Elementary question about topology and metric spaces Let $(X, \rho ) $ be a metric space. Denote
$$ \mathscr{B} = \{ B(\epsilon,x) : x \in X, \epsilon>0 \} $$
Let $B_1,B_2 \in \mathscr{B}$ . Let $x \in X$ be arbitrary with $ x \in B_1 \cap B_2 $. I want to find $B_3 \in \mathscr{B}$ such that $x \in B_3 \subset B_1 \cap B_2 $
Attempt:
Fix $b_1,b_2 \in X$ and we say they are the centers of $B_1,B_2$, respectively. Then we have  $B_1 = \{ z \in X : \rho(z, b_1 ) < \epsilon_1 \} $ and $B_2 = \{ z \in X : \rho(z, b_2 ) < \epsilon_2 \} $. Let $x \in X$ be arbitrary with $x \in B_1 \cap B_2 $. After doing some drawings, I think the correct choice for $\epsilon $ would be
$$ \epsilon = \frac{ \min\{ \epsilon_1 - \rho(x,b_1), \epsilon_2 - \rho(x,b_2 )\}}{2} $$
Now, put $B_3 = \{ y : \rho(x,y) < \epsilon \} $. We must check $B_3 \subset B_1 \cap B_2 $. To do this, let $y \in B_3 $. Next,
$$ \rho(y,b_1) \leq \rho(y,x) + \rho(x, b_1) < \epsilon + \rho(x,b_1) \leq \frac{ \epsilon_1 - \rho(b_1,x)}{2} + \rho(b_1,x) =  \frac{ \epsilon_1}{2} + \frac{ \rho(b_1,x)}{2} < \epsilon_1/2 + \epsilon_1/2 = \epsilon_1 $$
Therefore, $y \in B_1$. Similarly, we obtain that $y \in B_2$. In particular, $y \in B_1 \cap B_2$. This implies $B_3 \subset B_1 \cap B_2$.

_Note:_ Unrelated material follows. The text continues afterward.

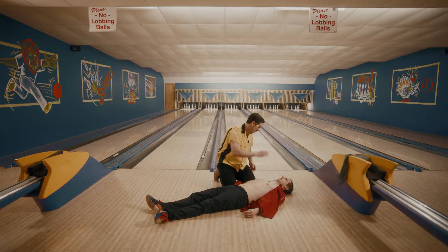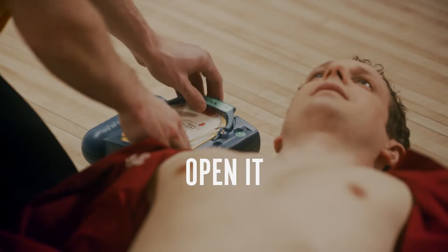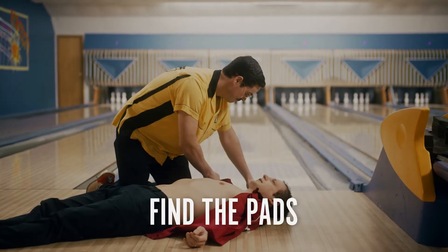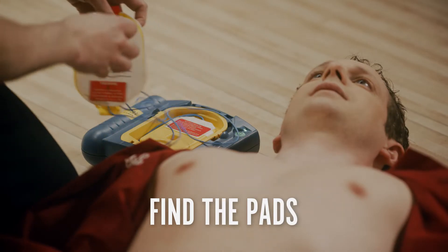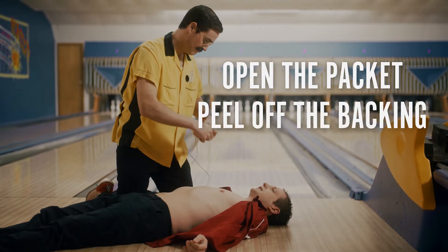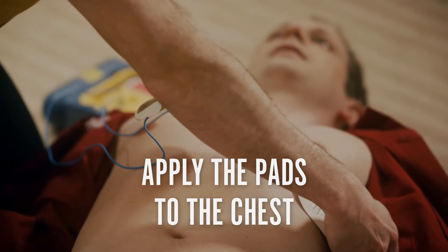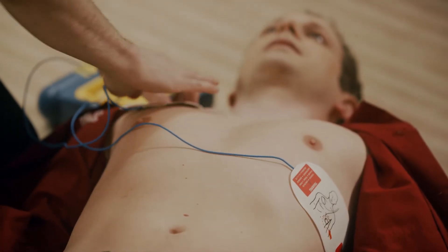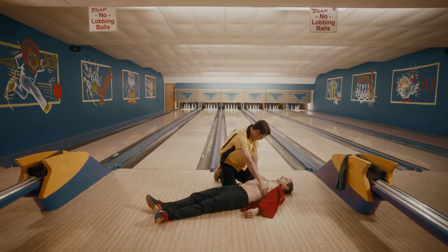Now to operate the AED. Open it and press the on button if there is one. Next, find the pads and plug them in if necessary. Open the packet, peel off the backing and apply the pads to the chest. With the pads securely in place, the AED will now tell you what to do.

I would like to know if this a correct approach. Maybe is too long or maybe it has flaws, I don't know. Any feedback would be greatly appreciated
 A: $x\in B_{i}=B\left(\epsilon_{i},x_{i}\right)=\left\{ z\in X\mid\rho\left(x_{i},z\right)<\epsilon_{i}\right\} $
for $i=1,2$. 
Let's choose for a $B_3$ that is centered at $x$, i.e.
$B_{3}=B\left(\epsilon,x\right)$ for some
$\epsilon>0$. 
To achieve $B_3\subset B_1\cap B_2$ it must be so that $\rho\left(x,z\right)<\epsilon$
implies $\rho\left(x_{i},z\right)<\epsilon_{i}$ for $i=1,2$. 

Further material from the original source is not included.